By: Mikayla Riley, FRC 2020-2021
How does VISTA service fit in and does it really matter?
So you want to be a VISTA? Awesome! We are so glad you are interested in serving your community. As a VISTA, you will be partnering with nonprofits and other agencies throughout Fairbanks as you serve alongside your designated organization. Through your indirect service, you will be given the chance to see the non-profit sector through the unique lens of macro work.
Um… what is that?
Don’t worry, it sounds a lot more clinical than it really is. All non-profit work can be broken down into three levels of engagement; micro, mezzo, and macro work. You will see all of these during your time as a VISTA, but the work you are specifically focused on is called “indirect service,” which falls under the umbrella of macro work.
Picture it like a pyramid… but flipped on its head.
Macro work – what you will be doing as a VISTA – is a chance to look at the bigger picture. Macro work consists of indirect service where you review the policies of an agency, a community, or even a state and analyze how it might impact your agency’s ability to carry out its services. VISTA’s do not do much on the policy side, although, you will be given many opportunities to look over program evaluations, research, and data that is related to the work your agency is doing - another critical part of macro work. This information that you gather is often crucial to writing grants that will go towards funding your agency’s programs. Because VISTA’s are working within a community, it is important to understand the local culture surrounding your work and how it impacts the ability of your agency to do the work it does. Thus begins mezzo work…
Mezzo work is a beautiful middle ground between micro and macro work. Like macro work, mezzo work takes into account the different policies in place for a specific area. Yet, unlike macro work, mezzo work often includes direct service with larger communities such as community medical centers, the families at a specific school, and non-profits like your agency. People who work at the mezzo level are often doing direct service, just on a larger scale than you might see when you walk into a typical non-profit. But remember, just because you don’t see it, doesn’t mean it isn’t happening.
When you work with a non-profit that does direct service with individuals and small groups, you are working with a non-profit that is doing microwork. This work is done between a case manager and a client, a therapist and a therapeutic workgroup, or the social worker who helps cope with life transitions. Anytime you have met with someone in a helping profession in a one-on-one or group setting, you have been on the receiving end of microwork. It is happening all around us and, without it, non-profits could not reach the people that they do.
During your time as a VISTA you may experience some level of envy for the employees at your agencies who are working directly with the people that your agency is striving to serve– I know I did. Just remember, your indirect service work, in addition to others’ work of direct service, makes it possible for non-profits to achieve their goals. Without looking at the bigger picture, your site would have limited capacity to meet the needs of community members. While direct service work is the work you most often see, this does not mean the work you do not see is any less valuable. Your work as a VISTA is crucial to the long-term sustainability of your site and its programs, and your dedication to the role is greatly appreciated.
By: Mikayla Riley, FRC 2020-2021
AmeriCorps VISTA programs all focus on alleviating poverty; so why do we have a VISTA at the Fairbanks Reentry Coalition? Well… It may not seem like it, but when you look a little closer, reentry work is poverty alleviation work.
You are 35 years old and leaving prison for the first time since you were 22 years old. You are released and sent on your way. Ask yourself the following questions…

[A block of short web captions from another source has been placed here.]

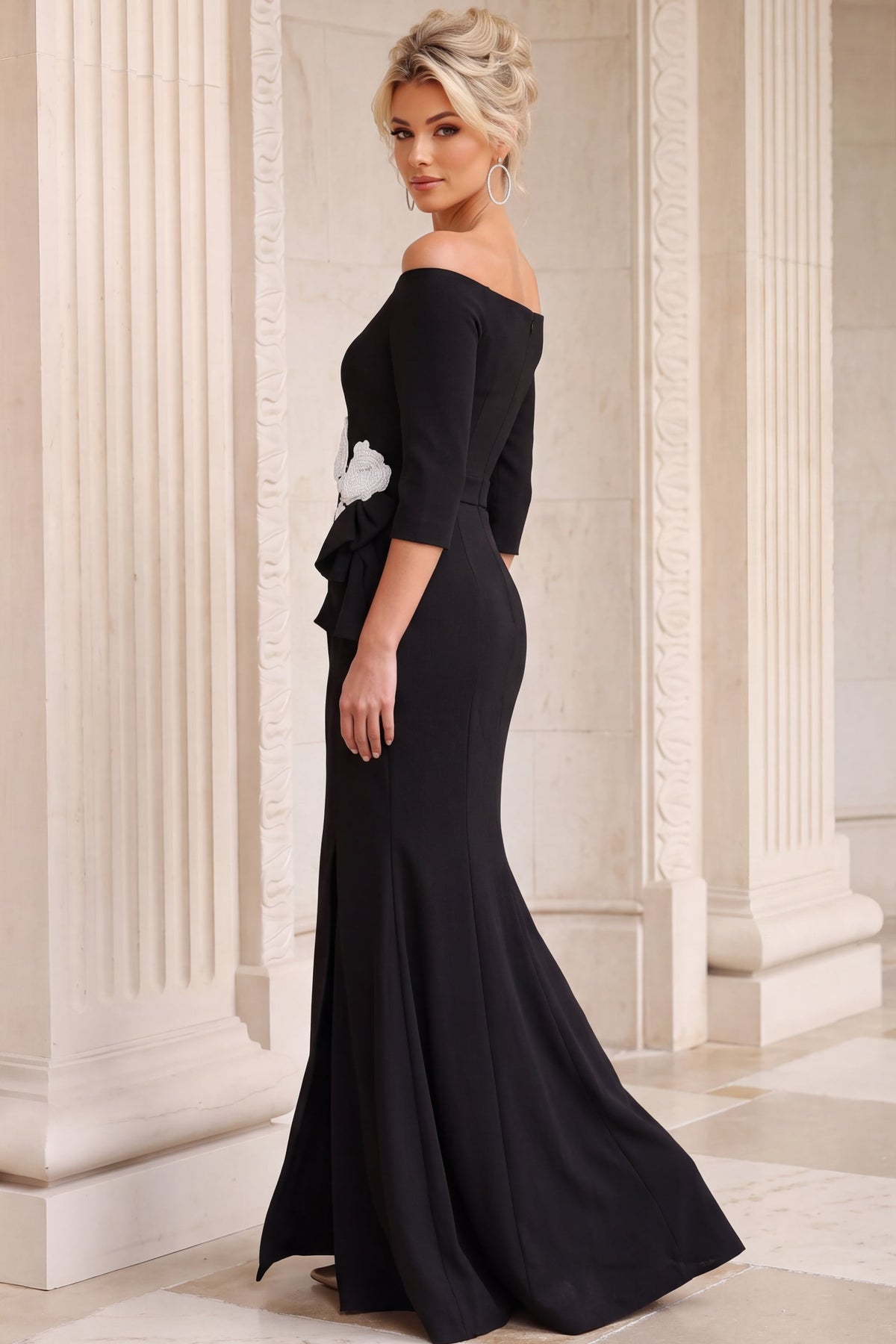 Jovani 55617 Crepe Mermaid Gown With Cascade Ruffle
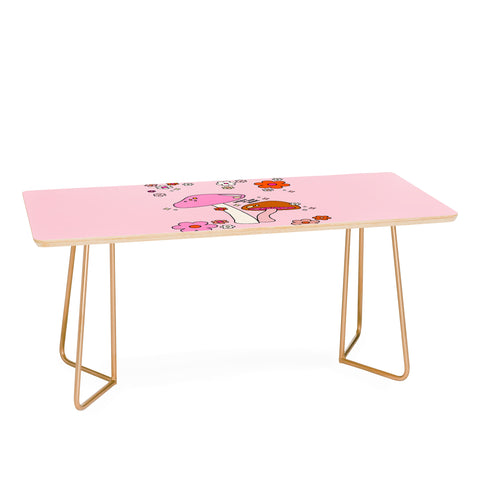 Daily Regina Designs Colorful Mushrooms And Flowers Coffee Table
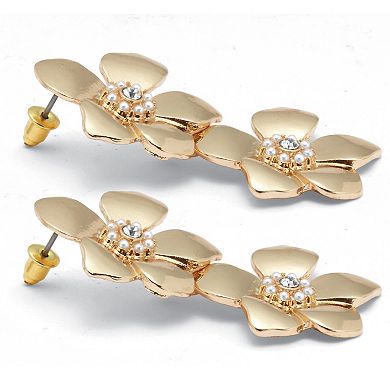 Round Crystal Goldtone Flower Drop Earrings, 50x30mm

If you haven’t already made a reentry plan, what will you do? Where will you go? What if you have to stay in Fairbanks, far from your family, because you are required to complete certain programs as a condition of your parole? These are all really scary experiences that, without a reentry team, many people are forced to face alone.
Now go back to imagining yourself in this scary position of leaving incarceration. A condition of your parole is that you are employed within 60 days to pay for your electronic monitoring system. Sounds simple enough, right? Not so much. To get a job you need to have an address and an ID, and more often than not, a lot of places won’t hire someone with justice involvement. So now you have 60 days to get an address, pay for any identification paperwork you need, and find a job. Without this job you will fail to pay the fee for your electronic monitoring system and will be remanded to prison.
So, now that you understand the full picture, how is this related to poverty alleviation work?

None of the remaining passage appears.